The process for Career Planning is similar to planning for anything else, so I decided to apply my thirty-seven years of professional land use planning to develop prototype career plan for authors.

The process require some time and soul-searching, and you really should write it down. There’s all kinds of research to support the effectiveness of putting something on paper. It creates a higher level of commitment. Even if you don’t prepare a written plan, give serious thought to the contents. There may be some aspects of your career you haven’t considered.

The following is a very condensed version of a class I give. If, after reading this, if you want the full information and worksheets, contact me.


Every writer/author should prepare a career plan because it helps you to clarify what you want out of writing and to make informed choices about your career.

● You need to know where you’re going in order to get there.

● Writing is either a hobby or a business. Both are okay, but you should know what it is to you.

● You need to know what you’re striving for in order to make choices.

● Writing takes commitment and requires sacrifices; it requires large investments of time, emotions, money, energy, and self-esteem. You need to know how much you are willing to invest.

● A career plan is a guide for decision-making.

● You need goals and measurable action steps to measure your progress.
Your career plan is for you―you never have to show it to anyone. It will change over time. Put your plan in writing and keep it where you can see it. It will help you keep focused. When preparing your plan:

● Be brutally honest with yourself.
● Tap your emotions.
● Visualize it.
● Be specific
● Be realistic.  You may win the first contest you enter, or you may sell the first thing you write and send out, but you may not.  Most of us don’t.  Tailor your plan to what it real.
● Keep it simple.
● Reevaluate and revise at least once a year. Sometimes more often.
There are three basic steps to any kind of planning. Ask yourself these three questions.

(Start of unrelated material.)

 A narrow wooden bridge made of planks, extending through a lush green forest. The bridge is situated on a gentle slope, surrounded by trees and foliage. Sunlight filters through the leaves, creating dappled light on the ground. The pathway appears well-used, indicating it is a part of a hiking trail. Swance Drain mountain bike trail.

Where am I now?  –Assessment of the current circumstances;

Where do I want to go? – Statement of Vision and goals;

How do I get there? – Action plan with specific actions and measurable milestones in a time frame.


Assess where you are in terms of skill development, what you need to learn, experience, etc. The questions that are pertinent are related to where you are in your career. Be brutally honest with yourself.

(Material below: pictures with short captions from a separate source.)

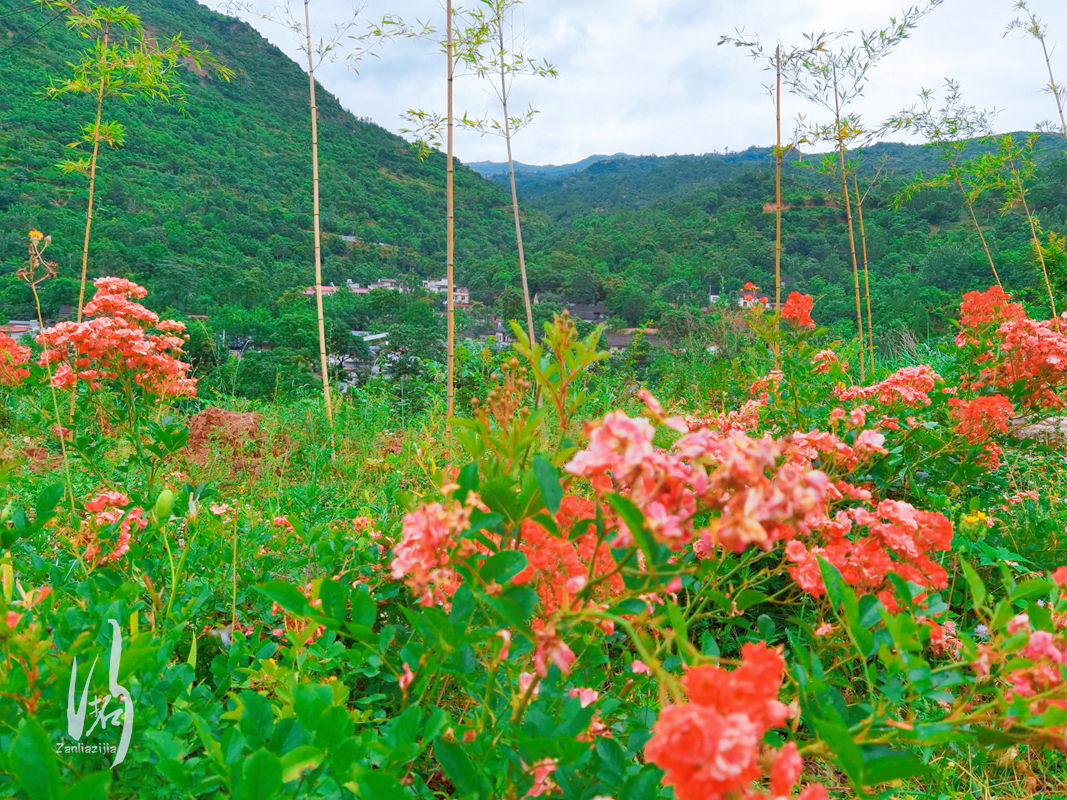 风景|拓行 / 穿越陇南山水画廊康县，风景应接不暇，既悦目又赏心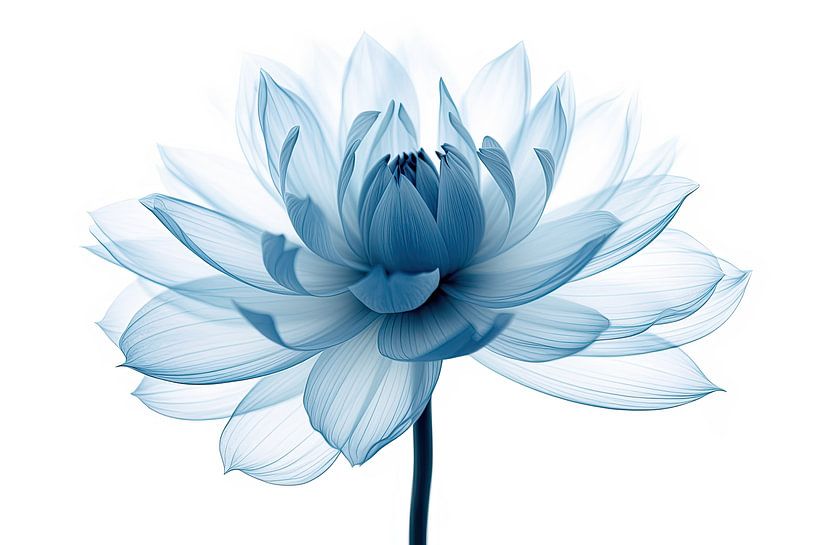 Transparente Blumen von Bert Nijholt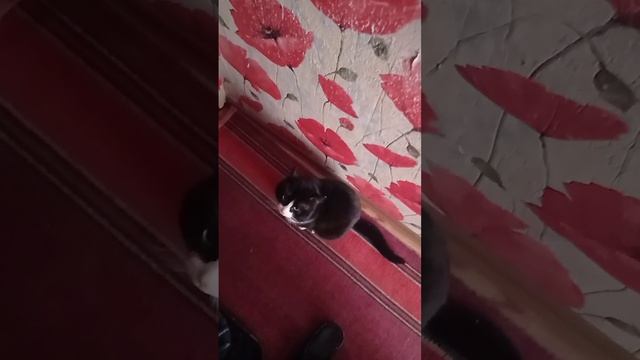 КОТ СТЁПКА ПРОСИТСЯ, ГУЛЯТЬ.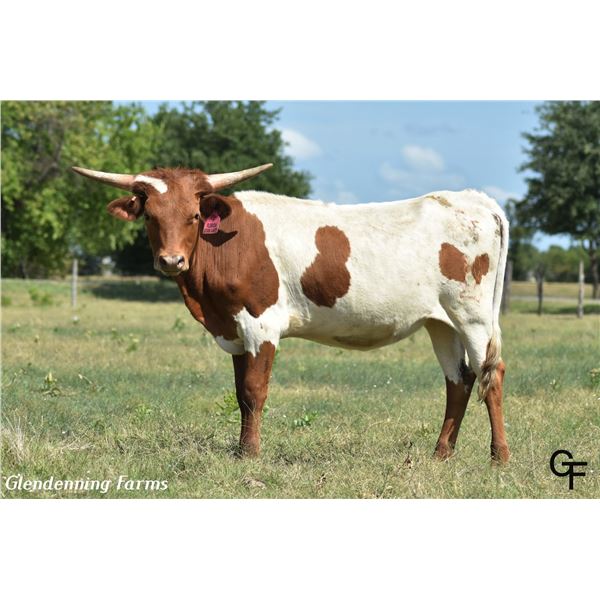 GF FLORIDA STAR LADY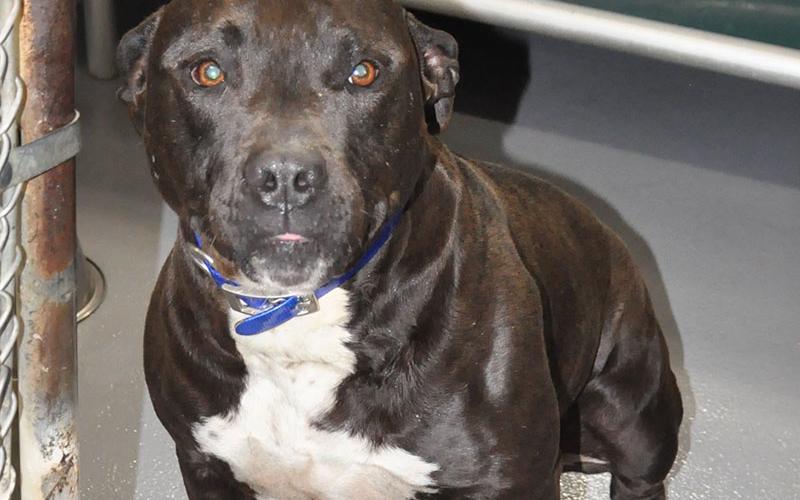 This female bulldog mix was picked up at 54 Copperhead Trail in Mineral Bluff. This sweet doggo has a black coat with a white patches on her chest and paws. View her using intake number 115-22.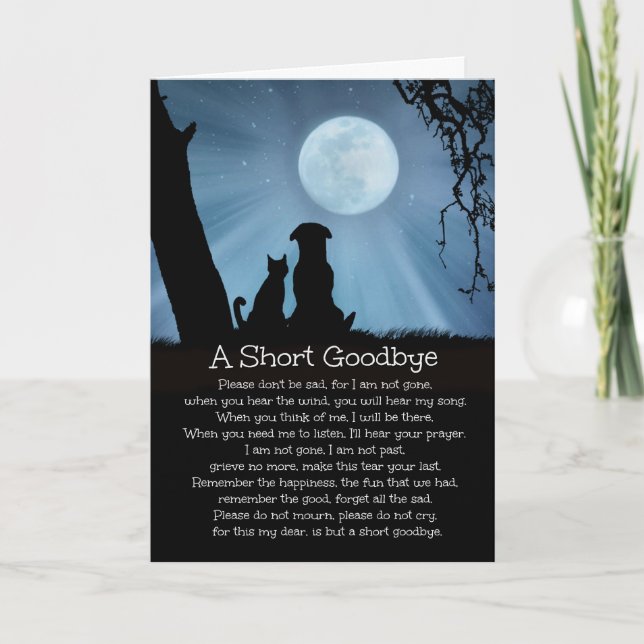 Spiritueller Verlust des Hundes, Katzensympathie-K Karte (Vorderseite)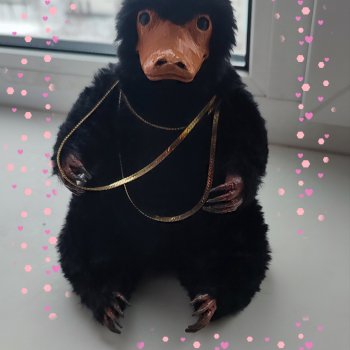 Маленький воришка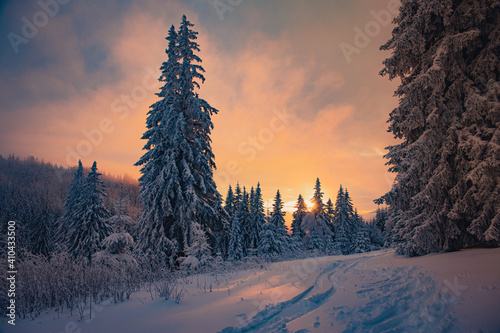 sunset in winter © Ivan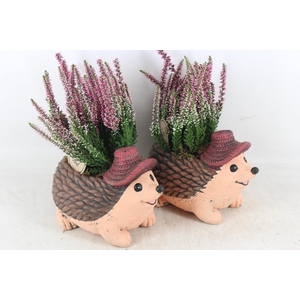 arr4 Outdoor PL - Ker. egel met hoed 401/3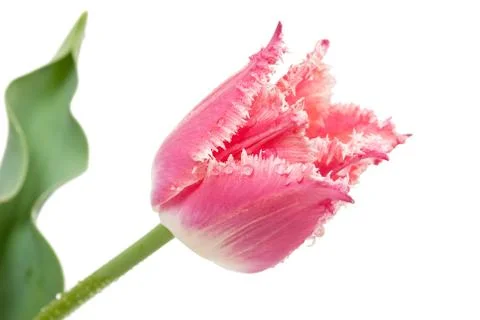 Pink tulip Stock Photos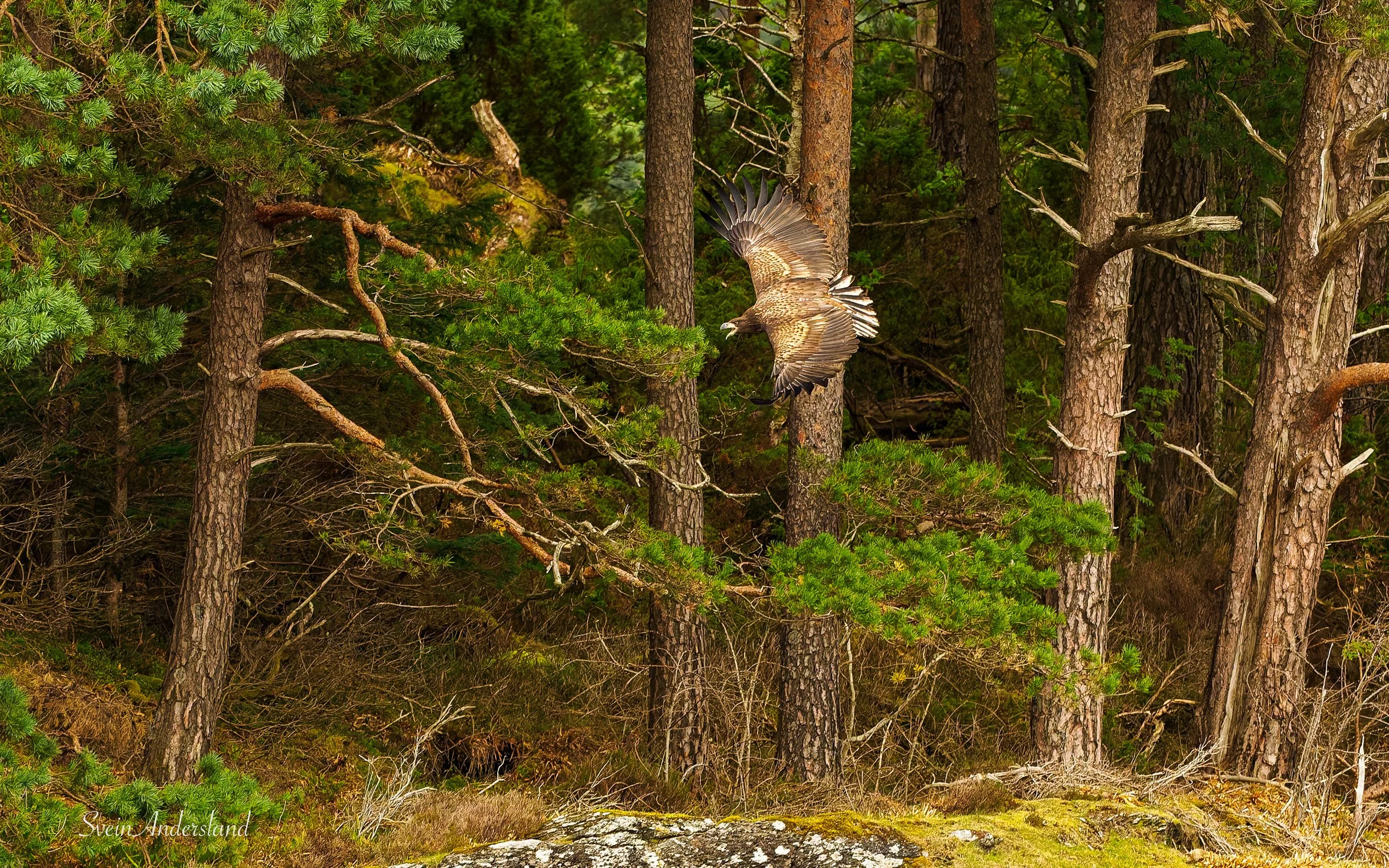 Havørn fanger fisk. Sea eagle cathces fish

Personal Motivation – What motivates you? How long have you been writing seriously? Why do you write?

● Commitment – What is your personal commitment? Are you willing to give up other parts of your life to write? How many classes have you taken?  How many pitches have you made?

● Productivity – How productive are you? Do you constantly increase the number of words you can write?

● Professional Activity – Are you a member of a critique group or writing organization such as RWA? Mystery Writers of America? Are you active? Do you attend conferences?

● Presence on the Web – What is your presence on the web? What social media sites do you belong to and are you active?

● Roadblocks – Write six things you perceive as keeping you from achieving your goals as a writer.

● Strengths – What are you best writing skills?

● Weaknesses – What are the areas in which you need improvement to your writing skills?

After working through these assessments, write down where you believe you are in your career and what areas you need to strengthen.


All of us have general goals, but the more realistic and specific they are, the more likely you are to achieve them. Think about these things and do some serious soul-searching.

1. Career Purpose Statement

What is your career purpose(your inspiration for writing)? – What is it you want to tell the reader and/or contribute to society through your writing?

What is your life purpose? – (Heavy stuff, right?)  Why do you believe you are on the earth?  If possible, try to integrate career purpose and life purpose. It’s okay if you can’t deal with this, but give it a try and at least give it some serious thought.

What do you believe? What is important to you? – What are your hot buttons in real life? What are you passionate about? What moves you and makes you angry, or cry, or excited?

What do you like to read? – What are the underlying themes you like to read about? What draws you to them? Write down five themes/hooks that never fail to move you.

● What do you like to write about? – Write down five topics or themes that show up regularly in your own work. Write three verbs (e.g. inspire, challenge, entertain, frighten, etc.) that best describe the impact you want to have on your readers.

●Who is your target audience(s)? Identify your target audience as specifically as you can. (Such as children in high school getting ready for college, or Women who were married a long time and then lost their spouse to death or divorce, etc.).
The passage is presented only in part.